All the Companies Registered in India are governed by the provisions of Companies Act, 2013 (An act of Parliament which regulates the working of Companies and legal limits within which companies may do their business). Recently, Government strike off more than 2 Lakh companies and disqualified more than 3 Lakh directors for non-compliance of various provisions of Companies Act. Such type of historic action came at the time when government came to know about the various techniques used by corporate entity to evade taxes.

Company law provides legal compliance that are required to be followed by every company like reporting of financial results, reporting of changes in management, maintenance of statuary registers, auditing of accounts etc.
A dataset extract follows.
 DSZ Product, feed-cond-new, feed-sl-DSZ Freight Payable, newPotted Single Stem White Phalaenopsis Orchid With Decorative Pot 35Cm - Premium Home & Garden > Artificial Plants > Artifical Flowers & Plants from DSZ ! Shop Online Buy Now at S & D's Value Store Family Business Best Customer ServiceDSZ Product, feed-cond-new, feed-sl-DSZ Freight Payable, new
All the compliances provided under the Company Law may be divided in 2 parts for making it easy to understand Mandatory Compliances and Event Based Compliances.
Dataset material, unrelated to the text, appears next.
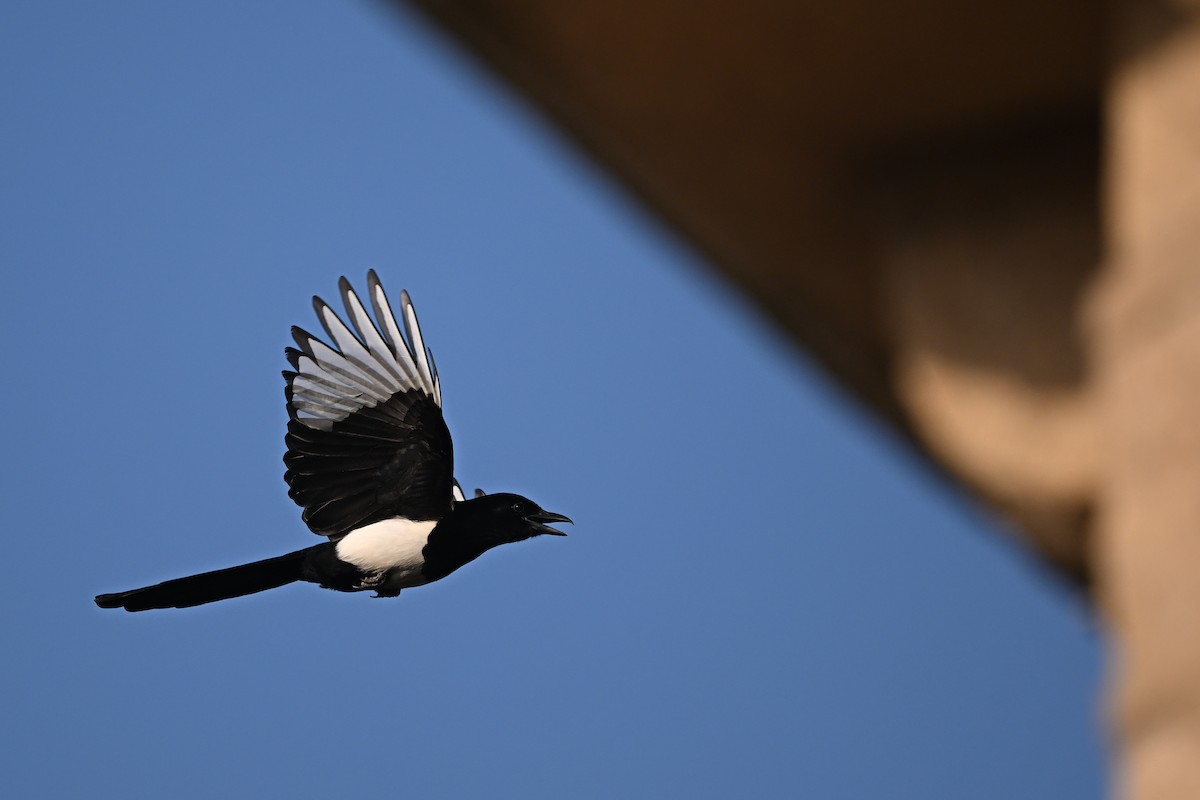 Oriental Magpie - ML647955975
After registration following are the mandatory compliances for every company:

Meeting of Board of Directors: First Meeting of Board of Directors is required to be held within 30 days of Incorporation of Company and thereafter 4 meetings are required to be held in every financial year in such a manner that the gap between 2 Board Meetings should not be more than 120 days. Notice of Board meeting must be send before 7 days of meeting to every director by way of physical or through e-mail.

Benefits to Small Company:

Small company means private limited company which has paid up capital less than Rs. 50 lakh AND turnover less than Rs. 2 Crore. It is sufficient to conduct only 2 board meeting for a small company.

In First Board meeting, Company has to approve pre-incorporation expenses, authorize anyone director for issuing share certificate and bank account opening, appoint first auditor of the company etc.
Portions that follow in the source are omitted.